Castor called Mr. Trump the most pro-police and anti-mob president in history. However, it took three days for the White House to lower the flag for the Capitol Police officer who died after suffering injuries during the events of January 6.
Castor also attempted to clean aup Mr. Trump’s remarks at the rally on the morning of January 6, portions of which were played by the House managers in their presentation. Castor said the former president was merely warning Republican senators and House members could face primary challengers if they didn’t object to the tallying of votes, not stoking violence.
“The first way that the House managers presented and wanted you to conclude, that’s the criminal way,” he said. “But what the president said was the American way.”
While Castor sought to demonstrate the violence at the Capitol was premeditated and did not occur at the urging of Mr. Trump, he failed to note the former president repeatedly took to Twitter to invite his supporters to Washington to rally January 6.
“The January 6 speech did not cause the riots. The president did not cause the riots,” he said. “He neither explicitly or implicitly encouraged the use of violence or lawless action but in fact called for peaceful exercise of every American’s First Amendment rights to peacefully assemble and petition their government for redress of grievances.”
Castor admitted to another point of ignorance, too: He isn’t sure whether his own testimony is under oath.
“I don’t know if we’re under oath here,” Castor said during his arguments.
Castor attempted to defend Mr. Trump’s phone conversation with Georgia Secretary of State Brad Raffensperger, saying there is “nothing untoward” about the former president speaking with a state’s top elections official. During the call, Mr.
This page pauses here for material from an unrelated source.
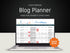 Laptop displaying a blog planner Google Sheets template with a 'Shop Now!' button on a dark background.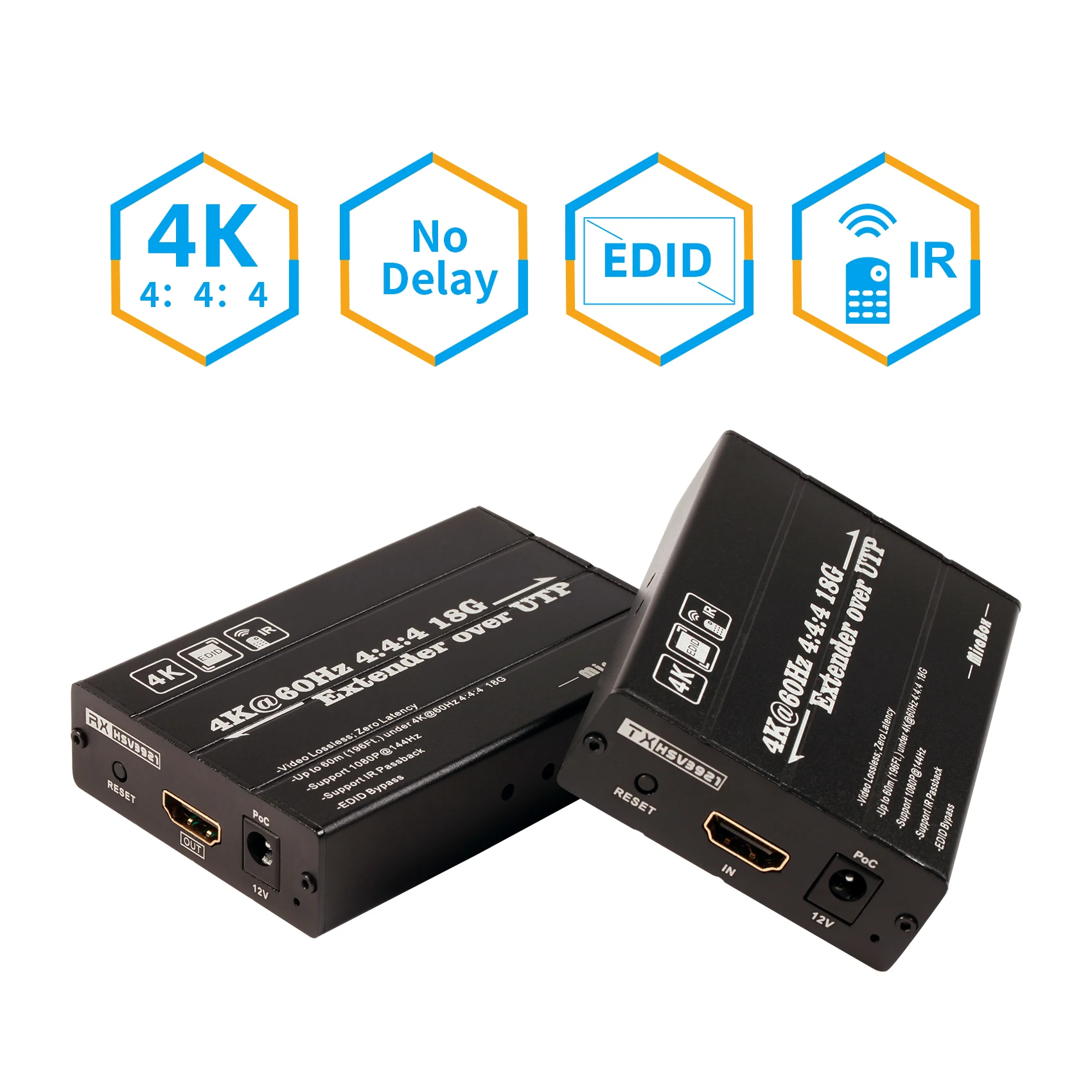 

Mirabox HDMI Extender 4K 60Hz Zero Latency YUV4:4:4 Uncompressed Over Cat5e/Cat6 Ethernet Cable Up to 196ft/60m Supports IR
Trump urged Raffensperger to “find” 11,780 votes and said “there’s nothing wrong with saying that, you know, um, that you’ve recalculated.” The former president lost to Mr. Biden by 11,779 votes.
“Let us be clear. This trial is about far more than President Trump,” Castor said. “It is about silencing and banning the speech the majority does not agree with. It is about canceling 75 million Trump voters and criminalizing political viewpoints. That is what this trial is really about.”
After less than three hours of the 16 in all allotted to them, Castor then rested the case in defense of Mr. Trump.
“This concludes the formal defense of the 45th president of the United States to the impeachment article filed by the House of Representatives, ” he said.
The Senate is now in a brief recess.